After a good run of nineteen years, as much as we didn’t want to have to do it, it was time to say good-bye to Samson.

I wrote about Samson exactly three months ago, and… well, at the time, things seemed pretty good.  Sam was, despite having lost so much weight, still keepin’ on keepin’ on and being himself.  He couldn’t get up on the furniture without an assist anymore, but he’d follow you into any room that you chose to go into, and just wanted to be around people.

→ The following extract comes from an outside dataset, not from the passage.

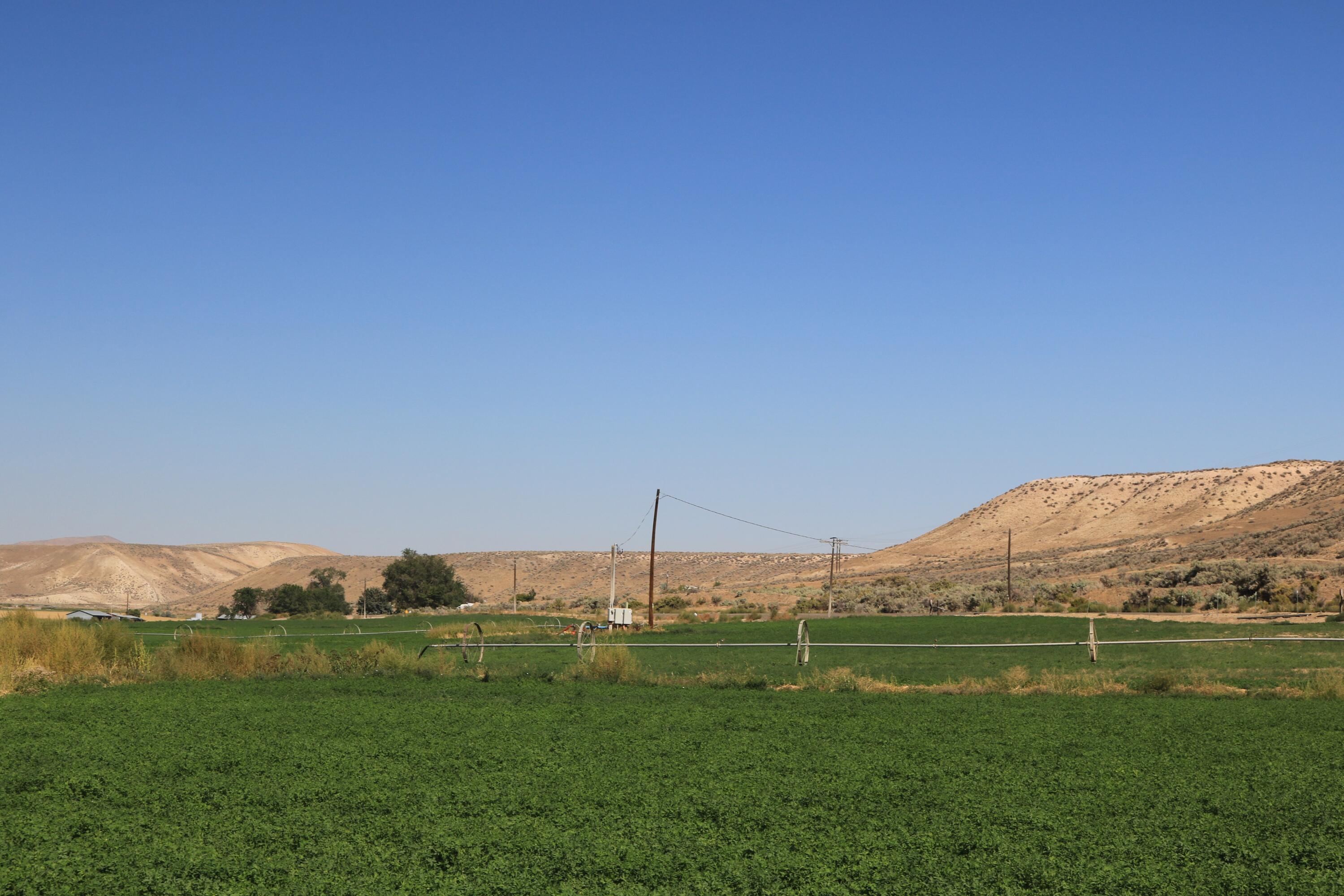 2337 Bully Creek Road Vale, OR 97918 - Photo 15 of 17 irrigated alfalfa field oregon bully spr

About a month ago, the ambling around the house stopped, and he was mostly keeping to the kitchen (sleeping by the heat-exhaust from the fridge), only venturing out to get food and water in the laundry room.  But still, he’d get up if you came into the room and saunter over to nudge you for snuggles and pettings, or to try to get you to give him a treat.  We moved a litterbox into the kitchen to make his life easier, one of the pet beds (not that he used it)…

And then this past week – one of the many reasons I didn’t post last week – he took a turn for the worse.  It became clear that it was time, and we arranged for an at-home vet to come by to ease his way yesterday afternoon.

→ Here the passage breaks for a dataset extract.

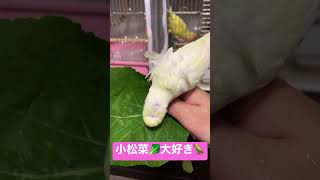 羽衣セキセイインコ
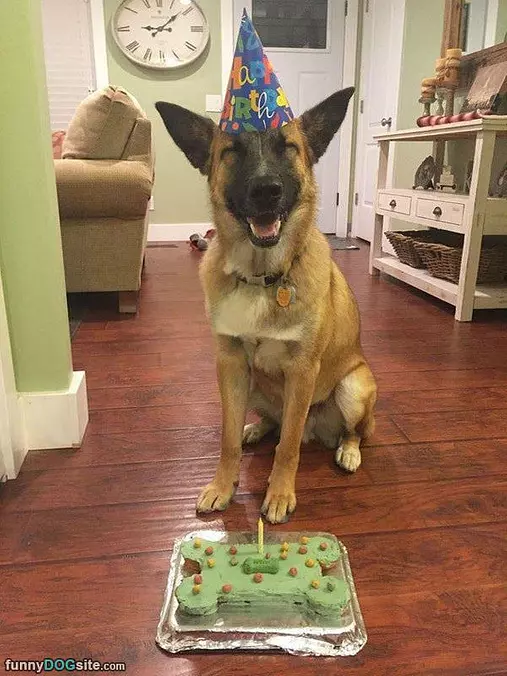 Best Birthday Ever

It’s hard enough, trying to part with a long-term pet.  Harder still when you’re trying to explain to children without sugar-coating it to the point that they’re not going to ‘get’ it.  And… harder still when your child has a developmental disability, and doesn’t have the vocabulary or awareness to put everything together.

R understands, I think, that Sam was in a lot of pain and that the vet was helping him to feel better.  That he’s not quite understanding that we’re not going to get a “new” Sammy any time soon is due to his age.

betterdays2The Monster, though, doesn’t get it at all, and we can see that when we were trying to explain to him, even in the simplest terms.  While my wife took some time to find books that at least explained a good portion of it for R… I don’t think they make anything that’s really on the Monster’s level.  He can repeat anything we say to him about death, about loss, but I don’t know what’s really sinking in.  And it’s going to be harder still, when he does at some point realize that Sam’s not around anymore, whether he asks us through the talker or just gets insistent about seeing a cat that’s not to be found.  (It’s often difficult when he gets sad, to be honest, because he’s not able to communicate to us why he’s sad, talker or no.)  I’m not sure yet how to handle that part, but we’ll have to figure it out when it comes.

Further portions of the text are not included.